(DATA SECTION)
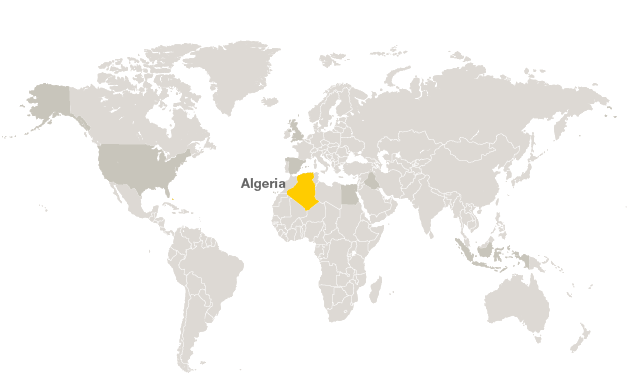 Map showing major attacks since 9/11 by al-Qaeda or Islamist militant groups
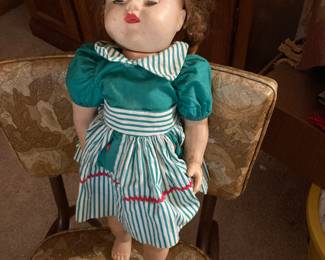 Vintage doll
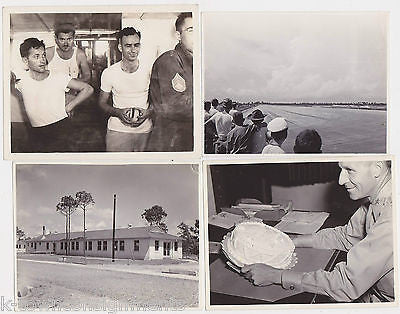 TYNDALL FIELD FLORIDA AIR FORCE BASE US MILITARY SOLDIER'S SNAPSHOT PHOTOS LOT - K-townConsignments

(ASSIGNMENT) Restate all of the material above word for word. Pictures do not belong in it.

(OUTPUT OF THE EXERCISE)
 Map showing major attacks since 9/11 by al-Qaeda or Islamist militant groups
 Vintage doll
 TYNDALL FIELD FLORIDA AIR FORCE BASE US MILITARY SOLDIER'S SNAPSHOT PHOTOS LOT - K-townConsignments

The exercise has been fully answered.